Training Error - Githubissues

dlee640 commented 3 years ago

Hi Team, First of all thank you for providing open source of such good work.

I have the pretrained model in trained_models/sunrgbd/r34_NBt1D.pth and I got the eval.py to run successfully with mIoU replicating whats on the paper.

My goal is to mess with the parameters in args.py to compare the results to see what I can improve.

I have been trying to train the model only using --modality rgb. I get the following error upon using train.py:

(rgbd_segmentation) dlee640@dlee640-lenovo:~/ESANet$ python train.py \
>     --dataset sunrgbd \
>     --dataset_dir ./datasets/sunrgbd \
>     --pretrained_dir ./trained_models/sunrgbd \
>     --results_dir ./results \
>     --modality rgb \
> 
Compute class weights
5285/5285
Saved class weights under /home/dlee640/ESANet/src/datasets/sunrgbd/weighting_median_frequency_1+37_train.pickle.
/home/dlee640/ESANet/src/build_model.py:29: UserWarning: Argument --channels_decoder is ignored when --decoder_chanels_mode decreasing is set.
  warnings.warn('Argument --channels_decoder is ignored when '
/home/dlee640/ESANet/src/models/resnet.py:101: UserWarning: parameters groups, base_width and norm_layer are ignored in NonBottleneck1D
  warnings.warn('parameters groups, base_width and norm_layer are '
Loaded r34 with encoder block NonBottleneck1D pretrained on ImageNet
./trained_models/sunrgbd/r34_NBt1D.pth
/home/dlee640/ESANet/src/models/model_one_modality.py:139: UserWarning: for the context module the learned upsampling is not possible as the feature maps are not upscaled by the factor 2. We will use nearest neighbor instead.
  warnings.warn('for the context module the learned upsampling is '
Traceback (most recent call last):
  File "train.py", line 552, in <module>
    train_main()
  File "train.py", line 92, in train_main
    model, device = build_model(args, n_classes=n_classes_without_void)
  File "/home/dlee640/ESANet/src/build_model.py", line 87, in build_model
    upsampling=args.upsampling
  File "/home/dlee640/ESANet/src/models/model_one_modality.py", line 164, in __init__
    num_classes=num_classes
TypeError: __init__() got an unexpected keyword argument 'height'

Why is it giving this error? How can I address this issue?

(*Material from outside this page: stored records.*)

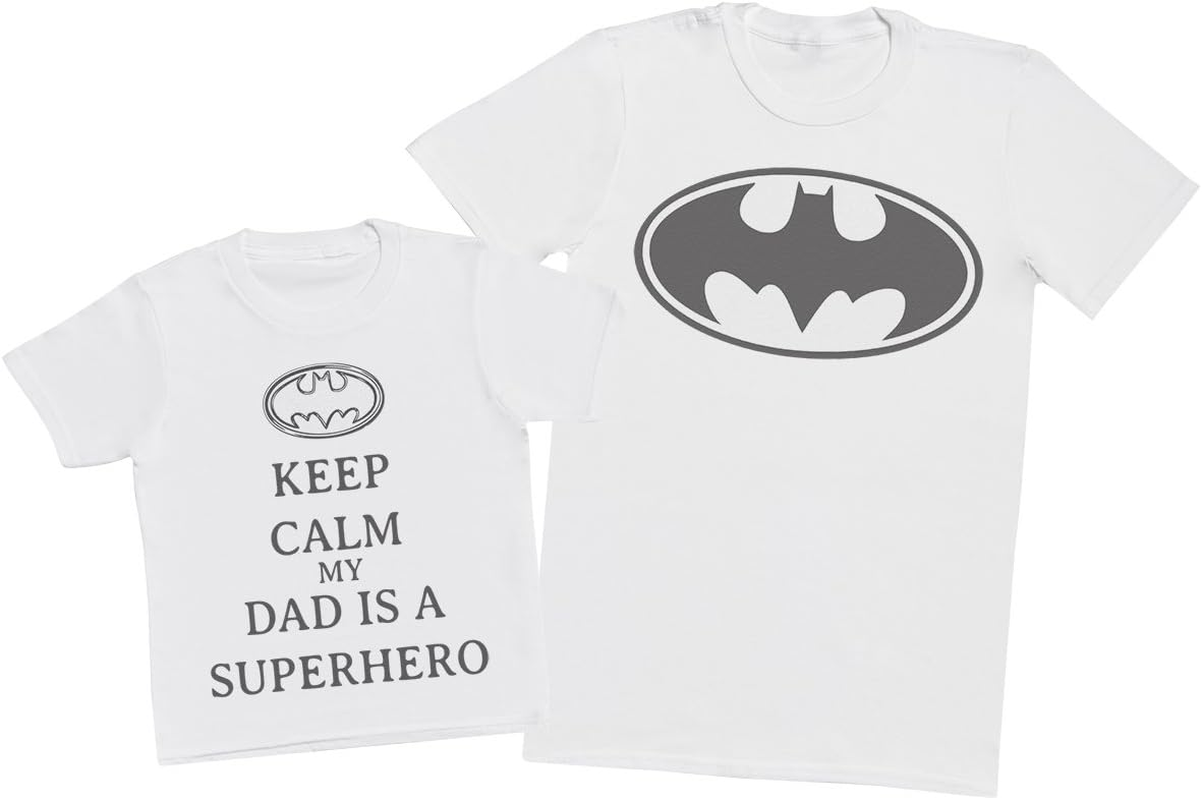 Zarlivia Clothing Keep Calm My Dads a Super Hero - Matching Father Kids Gift Set - Mens T Shirt & Kid'S T Shirt - Green - Large & 3-4 Years image number 2
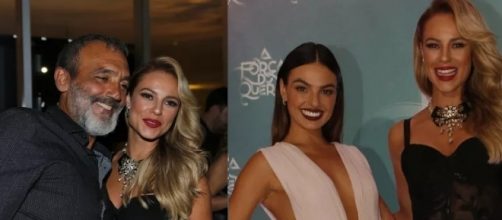 Paolla Oliveira provoca "clim&atilde;o" em festa de lan&ccedil;amento da novela "For&ccedil;a de Querer", com diretor global e &Iacute;sis Valverde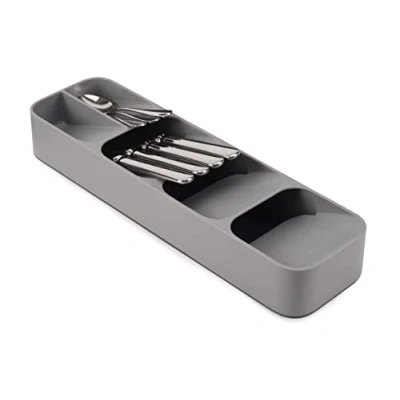 Abbildung von Joseph Drawer Store Kompakter Besteckschubladen Organizer, 5 Fächer, für 24+ Teile Grau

UPDATE: I fixed this issue by commenting out height and width parameters in model_one_modality.py. The part I commented out is shown below. But I have a new issue.

        # decoder
        self.decoder = Decoder(
            channels_in=channels_after_context_module,
            channels_decoder=channels_decoder,
            activation=self.activation,
            nr_decoder_blocks=nr_decoder_blocks,
            encoder_decoder_fusion=encoder_decoder_fusion,
            **height=height,
            width=width,**
            upsampling_mode=upsampling,
            num_classes=num_classes
        )

Upon running train.py, the process randomly gets terminated with 'Killed" message..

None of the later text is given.